Olfactory sensory neurons are continually replaced throughout life and their rate of generation increases after injury. This does not occur in the brain and spinal cord, where injuries cause devastating clinical problems. We have proposed that the uniqueness of the olfactory system results from the fact that the tissue microenvironment is unusual and are characterizing factors (cells and molecules) that regulate olfactory neurogenesis. Eventually, we hope this will lead to new treatments for brain and spinal cord injuries. To identify factors, we have developed novel cell culture systems from rats and transgenic mice in which the neurons aggregate into cavity-bearing cellular spheres that we have called "micro-noses". There, the neurons re-form cell-cell relationships normally found in the intact animal, and they undergo constant generation and turnover.

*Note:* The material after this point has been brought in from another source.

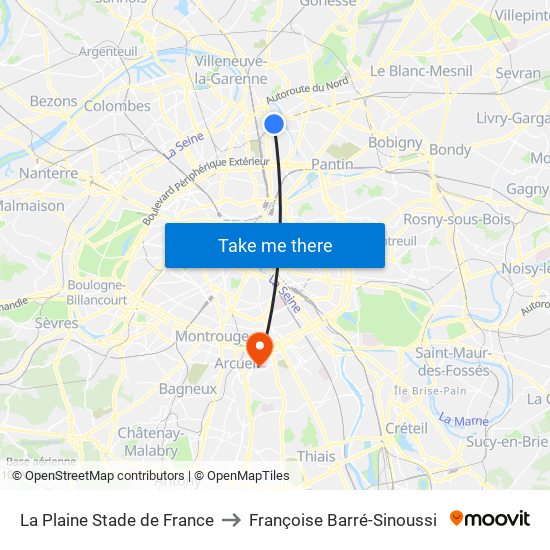 La Plaine Stade de France to Françoise Barré-Sinoussi map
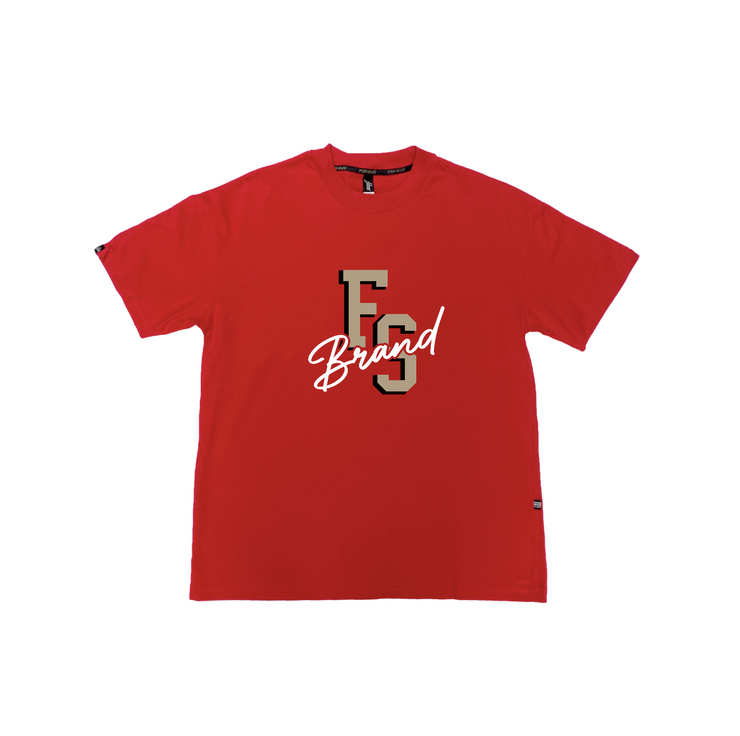 ROYALTY OVERSIZE TEE  |  RED  | GOLD AND WHITE DESIGN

We are using this system to characterize trophic factors, including those provided by the olfactory neuron target tissue, the olfactory bulb, and those provided by the support cells surrounding the neurons.

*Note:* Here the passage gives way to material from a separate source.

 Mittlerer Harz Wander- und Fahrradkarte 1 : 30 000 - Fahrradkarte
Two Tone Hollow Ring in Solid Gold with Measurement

Representative Publications

Pixley, S.K. (1992) CNS glial cells support in vitro survival, division and differentiation of olfactory neuronal progenitor cells. Neuron 8:1191-1204.

Pixley, S.K. (1996) Characterization of olfactory receptor neurons and other cell types in dissociated rat olfactory cell cultures. International Journal of Developmental Neuroscience, 14:823-839.

Grill, R.J., and S.K. Pixley. (1997) In vitro generation of adult rat olfactory sensory neurons and regulation of maturation by coculture with CNS tissues. Journal of Neuroscience, 17:3120-3127.